The trip, scheduled for the Legislature's Easter vacation, has upset consumer organizations that have backed legislation that would tighten the state's regulation of the insurance industry. While agreeing that Lloyd's, the big London-based insurance exchange, plays a crucial role in the availability of certain types of insurance in California, the consumer groups complain that the trip gives the industry an extraordinary opportunity to lobby a legislative issue without the presence of the public.
"It's another opportunity by the industry to get the legislators indoctrinated to their point of view," said Steven Miller, executive director of the newly formed Insurance Consumer Action Network, one of several groups working with Brown and other legislators to cut rates and make liability insurance more widely available. "It sure is frustrating."
Trip Called Worthwhile
But an executive of the Assn. of California Insurance Companies, the trade group that is sponsoring the trip, insists that the trip will be worthwhile, giving the lawmakers a chance to learn first-hand about the complex issue of reinsurance.
Basically, reinsurance is the process by which American insurance companies insure themselves against excessive losses by taking out policies with other companies. American insurance companies depend heavily on overseas syndicates such as Lloyd's for the coverage. The decisions made abroad on reinsurance affect the availability of insurance at home.

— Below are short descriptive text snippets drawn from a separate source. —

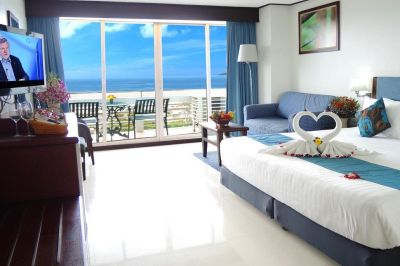 andaman beach suites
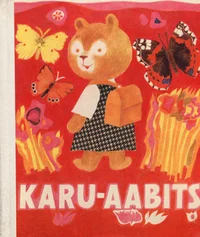 Karu-aabits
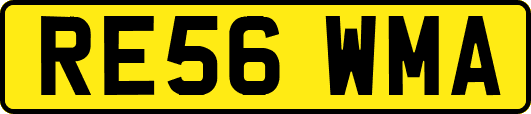RE56WMA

"We don't think we can (explain reinsurance) in a legislative hearing, where minds are focused all over the place," said George Tye, executive manager of the association, which represents 40 insurance companies.
Tye noted that the insurance industry finds itself on the defensive in the Legislature this year, with more than 30 bills proposing various changes, including several backed by Speaker Brown (D-San Francisco), who has made the issue one of his top legislative priorities.

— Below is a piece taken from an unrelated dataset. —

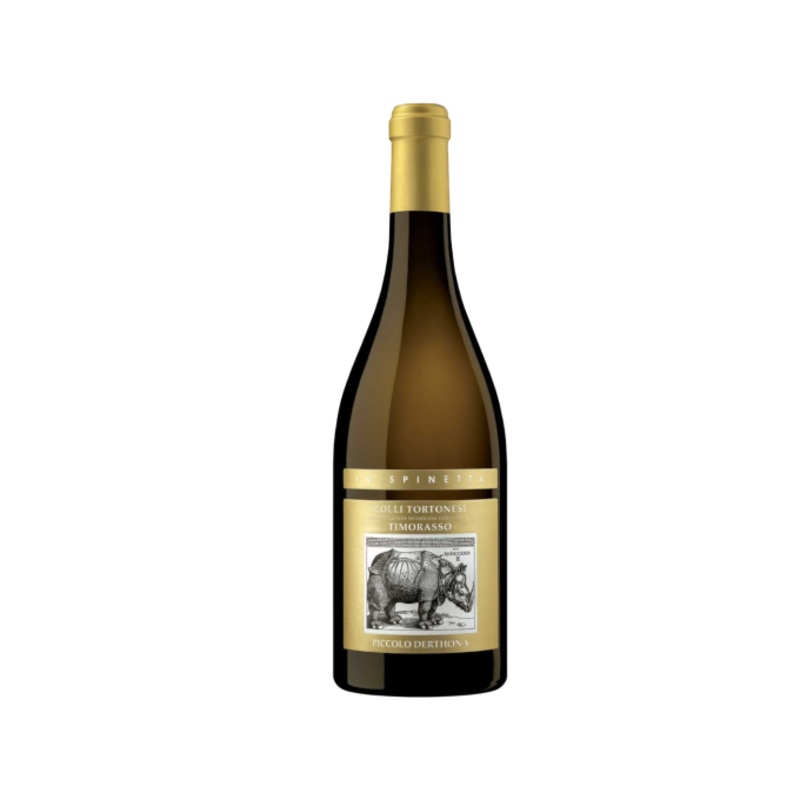 La Spinetta Piccolo Derthona Timorasso Colli Tortonesi 750ml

"We'd like to explain to these guys that if you squeeze down on one part of the insurance industry because of a perceived problem, that you'll cause a problem somewhere else," Tye said. "It's like a balloon."
The insurance industry long has argued for restricting damages that individuals can recover in liability cases and supports a June ballot proposition that would do so. On the other hand, Brown and the California trial lawyers have consistently fought such proposals.
Brown announced Tuesday that he and other legislators were going on the London trip. Despite the large number of insurance bills introduced this year, Brown observed: "I'm convinced that too few of us know anything about insurance to be (doing) anything other than stump speeches." He promised a comprehensive set of proposals in two to three weeks.
On Wednesday, Brown's press secretary, Susan Jetton, said that the Speaker and Assembly Democratic Leader Mike Roos of Los Angeles would be the only two Assembly members to go to the London conference. Brown plans to travel to Italy after the London session at his own expense, Jetton said.
According to Tye, five senators along with Roos and Brown will fly first class to London. He refused to name the senators and said that the list is still not final. Accompanying the legislators will be Tye, industry lobbyist Clayton Jackson and five insurance company executives. The party will stay at the London Marriott, where discounted corporate room rates are about $175 a night.
Events include a Sunday dinner with insurance brokers at the Savoy Hotel and an all-day session with underwriters from Lloyd's on Monday.
'Not a Junket'
On Tuesday, the delegation will have time for sightseeing, but Tye insisted that the plan is for "a substantive trip, not a junket, not a boondoggle." Legislators who want to bring along spouses or friends will have to pay the added expense, Tye said.
Carl Oshiro, an attorney for the Consumers Union, agreed that there is a need for legislators to learn more about insurance issues, but he added: "I don't know if they need to go to London to do it." Representatives of Lloyd's have testified before other state legislatures, he said.
"Lloyd's of London is obviously doing this to create a favorable impression in the minds of the legislators that the actions that (insurers) are taking are reasonable and there is no need for supervision by government agencies," Oshiro said.